REQUIRED ACTION:
Among the records below, find the line with "Yamaha XSR125 Legacy" and the line with "Piçi Terk Et, Milyarderi Kap afişi". Set down both and every line between, exactly and with no pictures, but nothing else.

TASK DATA:

=====

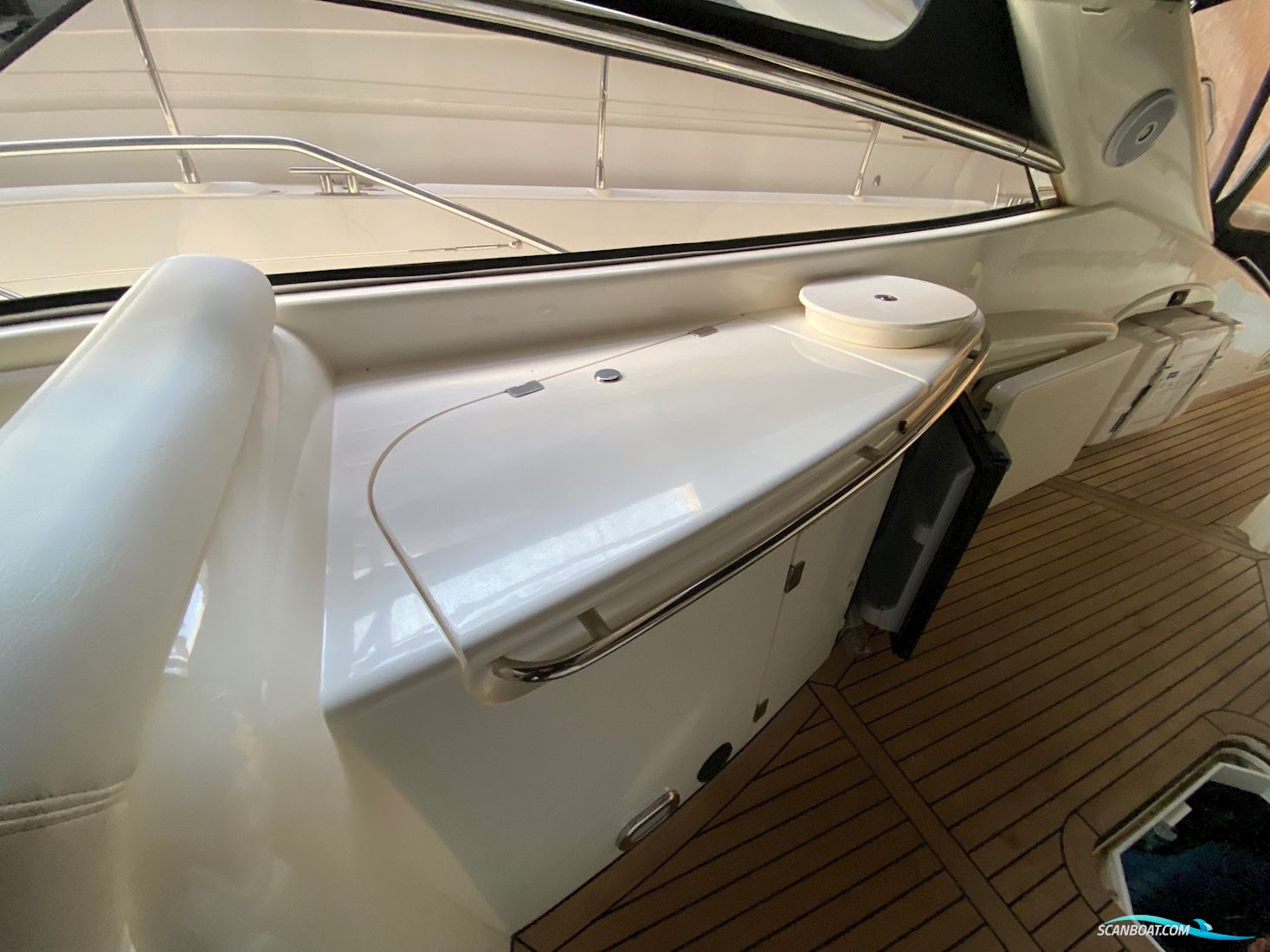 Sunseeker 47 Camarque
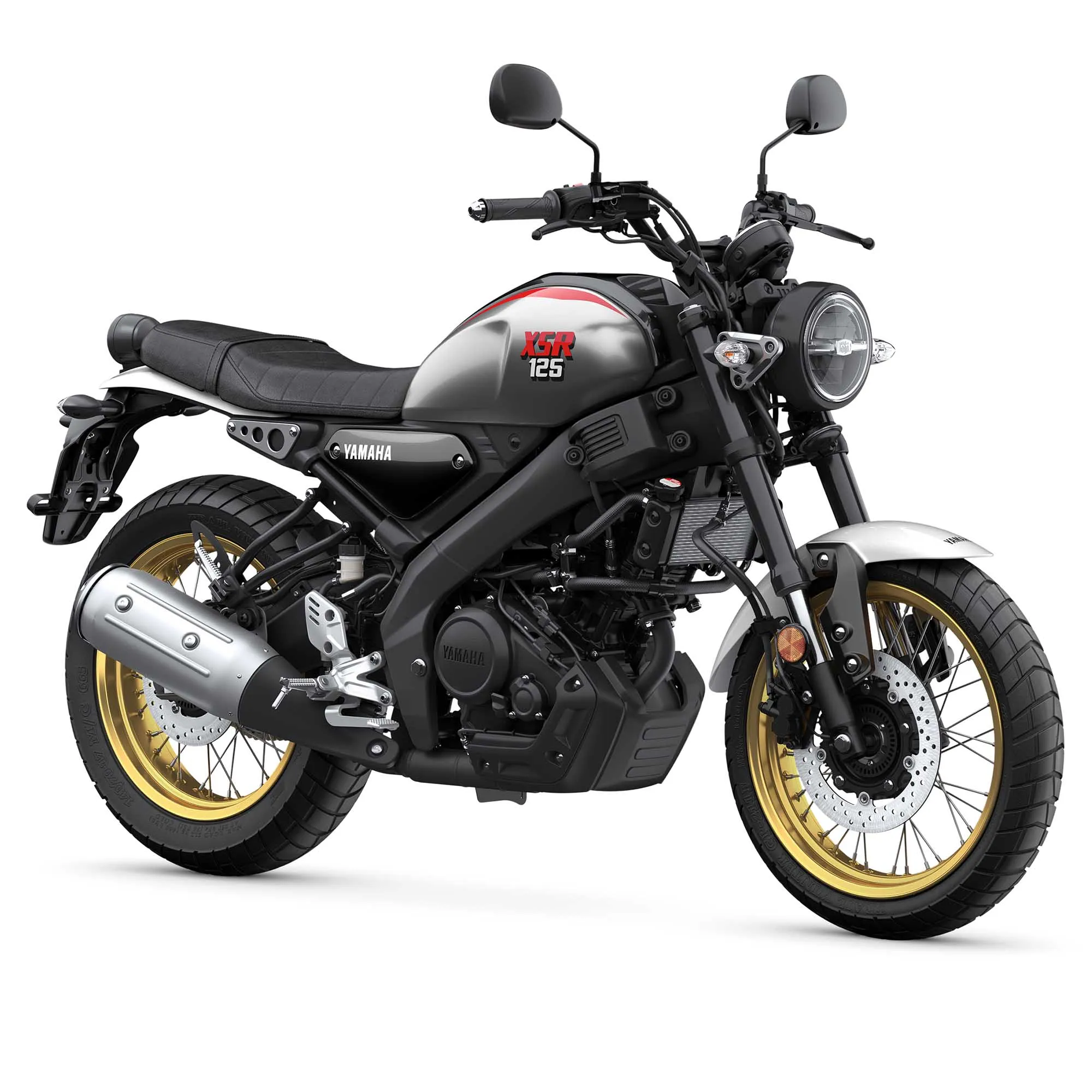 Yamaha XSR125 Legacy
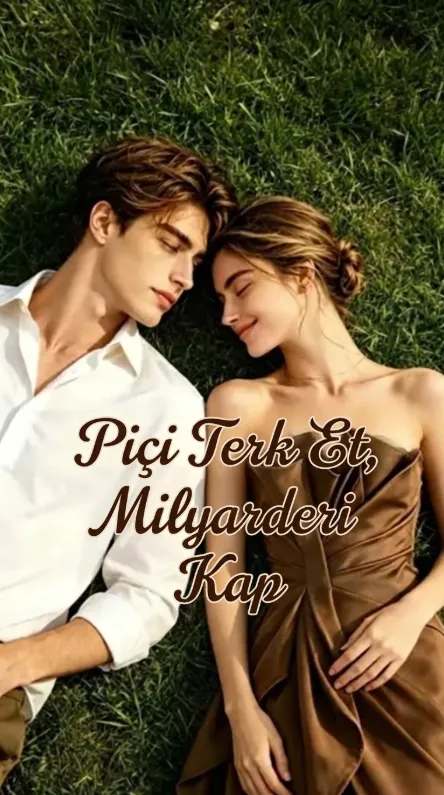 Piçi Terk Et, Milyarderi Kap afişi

=====

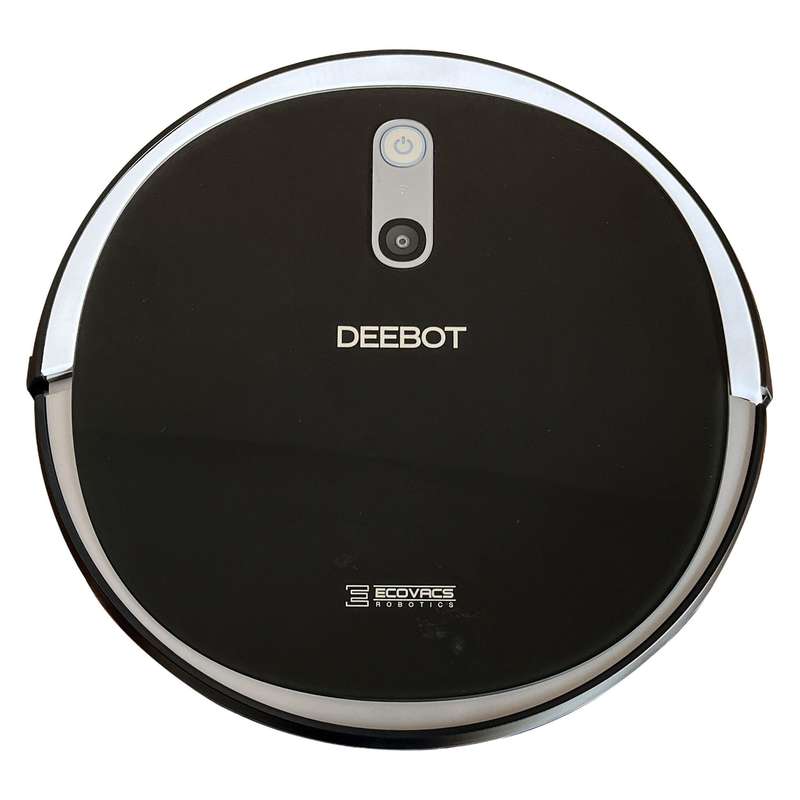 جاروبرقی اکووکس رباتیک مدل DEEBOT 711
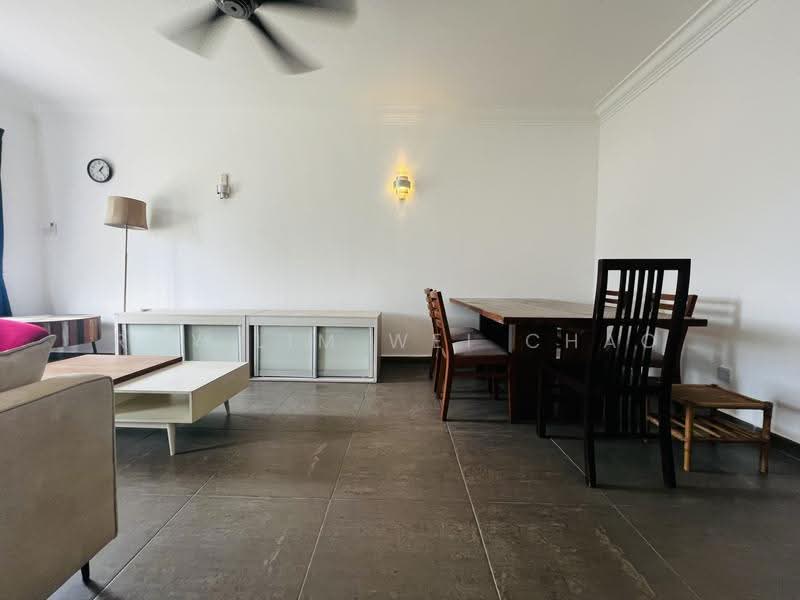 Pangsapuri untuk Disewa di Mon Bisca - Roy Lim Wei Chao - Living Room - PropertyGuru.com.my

=====

SOLUTION BELOW:
 Yamaha XSR125 Legacy
 Piçi Terk Et, Milyarderi Kap afişi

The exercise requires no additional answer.